Geons, Black Holes, & Quantum Foam: A Life in Physics
by John Archibald Wheeler Kenneth Ford

theyeti

My understanding is that strings, since their size is the planck length, are large enough not to be affected by the quantum foam. Since strings are fundamental, and all particles and force charges are derived from their vibrational patterns, the foam is simply irrelevant. So you wouldn't expect to see the foam affecting anything if string theory is true.

theyeti

Jesse

I had thought that string theory assumed a continuous flat background space-time just like other quantum field theories, and that this is one of the things that advocates of other approaches to quantum gravity sometimes criticize about it. But it's also my understanding that because of all the mathematical subtleties in string theory/M-theory, it's not impossible that it could turn out to be compatible with a discrete space-time after all. As for quantum foam, I'm not sure if it assumes discrete space-time or if it assumes continuous but curved space-time.

Answerer

Yeah but why( I mean the math's part)?

Demosthenes

The simplest answer is because the equations describing black holes have singularities in it. To be more specific, those signularities exist because the general relativity equations blow up at the center of the black holes. Yes, very massive objects with properties matching the mathematical black holes exist in the universe but to believe that they actually are identical to the idealized black holes is rather silly.

The so called singularity is where the mass and the energy become infinite, but that's simply absurd. Where did the infinite mass and energy come from? The reason why infinities pop up is because we lack a comprehensive theory with a set of equations allowing us to describe what goes on within a event horizon. The best we can do right now is to describe external features that can be experimentally verified.

Jesse

I believe you're wrong about this--the density of mass and energy may become infinite at a singularity (along with the curvature of spacetime) but the mass and energy themselves do not, as far as I know. I'm not sure if it makes sense to talk about "the mass of a singularity", but if it does then I suspect it would be the same as the mass of the object that collapsed to form a black hole, in which case there's no need to worry about where any extra mass "came from".

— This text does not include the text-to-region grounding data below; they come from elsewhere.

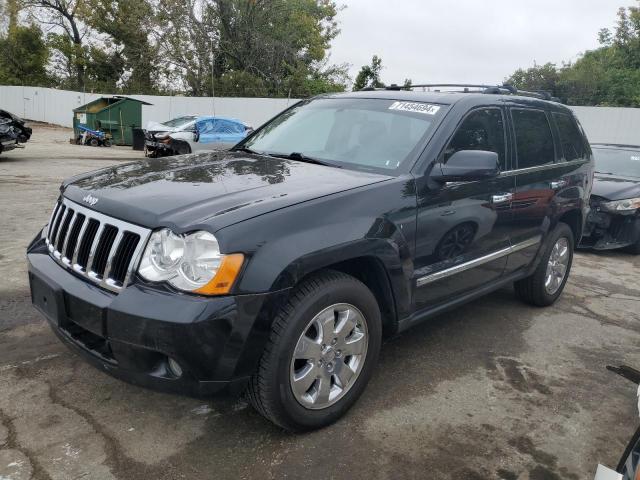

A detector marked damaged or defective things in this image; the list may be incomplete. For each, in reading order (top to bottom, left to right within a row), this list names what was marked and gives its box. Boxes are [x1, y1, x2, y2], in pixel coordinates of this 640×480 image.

damaged car [0, 108, 31, 155]
damaged car [145, 115, 252, 157]
damaged car [580, 144, 640, 253]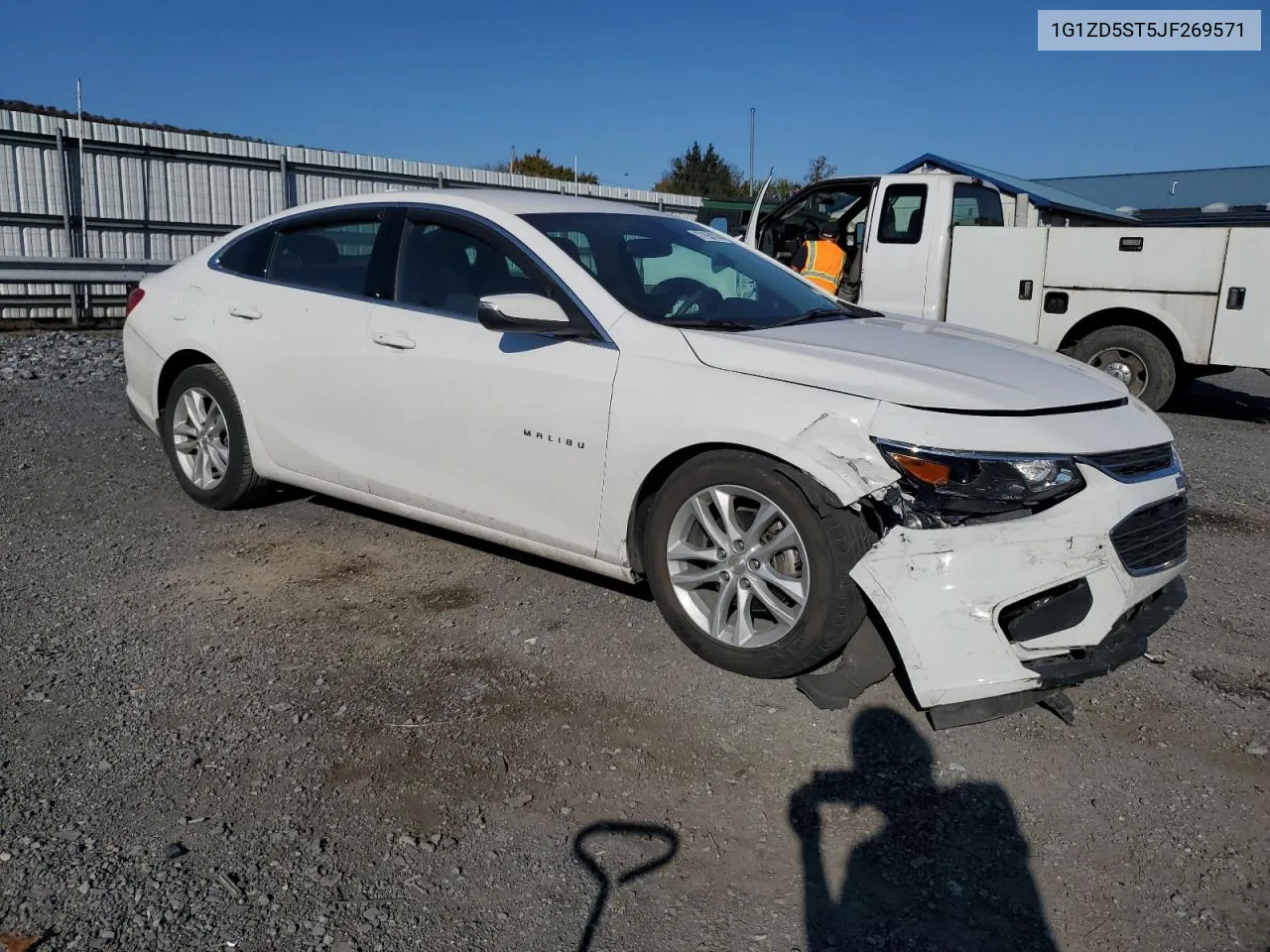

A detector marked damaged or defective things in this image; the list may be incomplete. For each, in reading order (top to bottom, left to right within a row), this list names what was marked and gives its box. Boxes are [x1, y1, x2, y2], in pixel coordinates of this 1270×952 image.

damaged white sedan [124, 191, 1183, 730]
broken headlight [877, 440, 1087, 528]
crushed front bumper [849, 462, 1183, 722]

If one believes that spacetime is continuous and can contain features at arbitrarily small magnitudes (as those who postulate a 'quantum foam' may in fact believe), I don't see why one should necessarily think there is something impossible or pathological about singularities. If one thinks spacetime will turn out to be discrete in our final theory of quantum gravity, though, that would be a good reason to be doubtful about the existence of singularities.

NumberTenOx

If your model of a lepton or a quark is an infinitely small point, then at some radius, as you get closer and closer, the gravitational effects become large and your particle becomes a black hole all by its tiny self.

Clearly our theory of gravity does not work well at very small distances. Apparently attempts to make a QM theory of gravity are underway. String theory gives particles a minimum radius, so this problem disappears.

When we understand how particles keep from being singularities, we might know more about the singularities in the middle of massive black holes.